Dalam khazanah tasawuf dan
etika Islam, kalam hikmah para Ahlul Bait memiliki kedudukan istimewa sebagai
panduan moral yang menyentuh aspek batin dan sosial kehidupan. Salah satu di
antaranya adalah pesan Sayyidina Ali Zainal Abidin, cucu Sayyidina Husain dan
imam yang dikenal dengan sebutan Zain al-‘Abidin karena ketekunannya
dalam ibadah. Dalam kitab Al-Nashā’iḥ al-Dīniyyah, beliau menyampaikan
sebuah peringatan agar tidak bergaul dengan orang yang memutus hubungan
kekeluargaan, karena terdapat tiga tempat dalam Al-Qur’an yang menggambarkan
kemurkaan Allah terhadap pelaku dosa tersebut. Pesan ini bukan hanya bersifat
normatif, tetapi juga mengandung kedalaman psikologis dan sosial bagi
pembentukan karakter seorang Muslim.
Ungkapan لَا
تُصَاحِبْ قَاطِعَ الرَّحِمِ، فَإِنِّي وَجَدْتُهُ مَلْعُوْنًا فِي ثَلَاثَةِ
مَوَاضِعَ مِنْ كِتَابِ اللَّهِ عَزَّ وَجَلَّ “janganlah
engkau bergaul dengan pemutus hubungan kekeluargaan (qāthi‘ al-raḥim) karena aku mendapatinya
dilaknat di 3 tempat dalam Kitabullah” mengandung makna bahwa
pergaulan memiliki pengaruh kuat terhadap pembentukan sikap, moral, dan
spiritual seseorang. Sayyidina Ali Zainal Abidin menekankan bahwa seseorang
yang menjadikan pelaku dosa besar sebagai teman dekat akan terdampak oleh
nilai-nilai buruk yang dibawanya. Putusnya silaturahim bukan hanya menunjukkan
lemahnya kasih sayang dan kepedulian sosial, tetapi juga mencerminkan sebuah
penyakit batin berupa kesombongan, kedengkian, dan kekikiran. Karena itu,
menjauhi pergaulan semacam ini adalah langkah perlindungan diri agar tidak ikut
terseret dalam dosa dan kerusakan moral.
Beliau kemudian menegaskan
bahwa pelaku pemutus hubungan kekeluargaan “dilaknat di tiga tempat dalam
Kitabullah.” Para ulama memaknai bahwa “tiga tempat” itu merujuk kepada
ayat-ayat Al-Qur’an yang secara tegas memberikan ancaman keras kepada mereka
yang memutuskan tali kekeluargaan. Di antara ayat yang sering disebut adalah
surat Muhammad ayat 22–23 yang menyatakan bahwa Allah melaknat mereka yang merusak
hubungan kekeluargaan; surat Al-Baqarah ayat 27 yang menggambarkan pelaku
pemutusan tali rahim sebagai orang fasik; serta surat Ar-Ra‘d ayat 25 yang
menyebutkan bahwa bagi mereka disediakan kebinasaan di dunia dan akhirat.

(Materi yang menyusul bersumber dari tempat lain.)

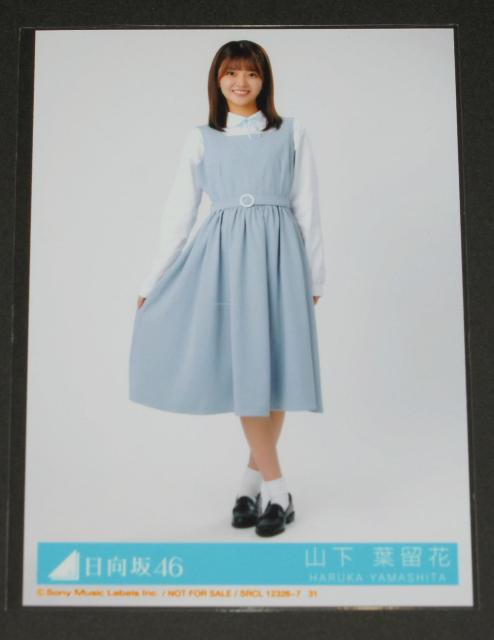 ������46�@���Ɛ����x��midnight�@���ʐ^�P���@�R���t����  �� �^�����g�O�b�Y��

Ketiga ayat ini menunjukkan tingkat keseriusan dosa tersebut, sehingga layak
dijadikan dasar peringatan oleh para ulama dan ahli hikmah.
Makna “laknat” dalam konteks ini bukan sekadar kutukan, tetapi pengusiran dari rahmat Allah, yaitu hilangnya taufik, ketenangan, dan keberkahan dalam hidup. Ketika seseorang memutus hubungan keluarga, ia bukan hanya merusak struktur sosial, tetapi juga memotong salah satu saluran rahmat Allah yang memang sengaja diletakkan dalam hubungan kekerabatan. Hal ini selaras dengan banyak hadis Nabi Muhammad Saw. yang menegaskan bahwa silaturahim adalah sebab panjang umur, bertambahnya rezeki, dan turunnya keberkahan. Dengan demikian, memutus tali kekeluargaan berarti menutup pintu kebaikan bagi diri sendiri sebelum menimbulkan kerusakan bagi orang lain.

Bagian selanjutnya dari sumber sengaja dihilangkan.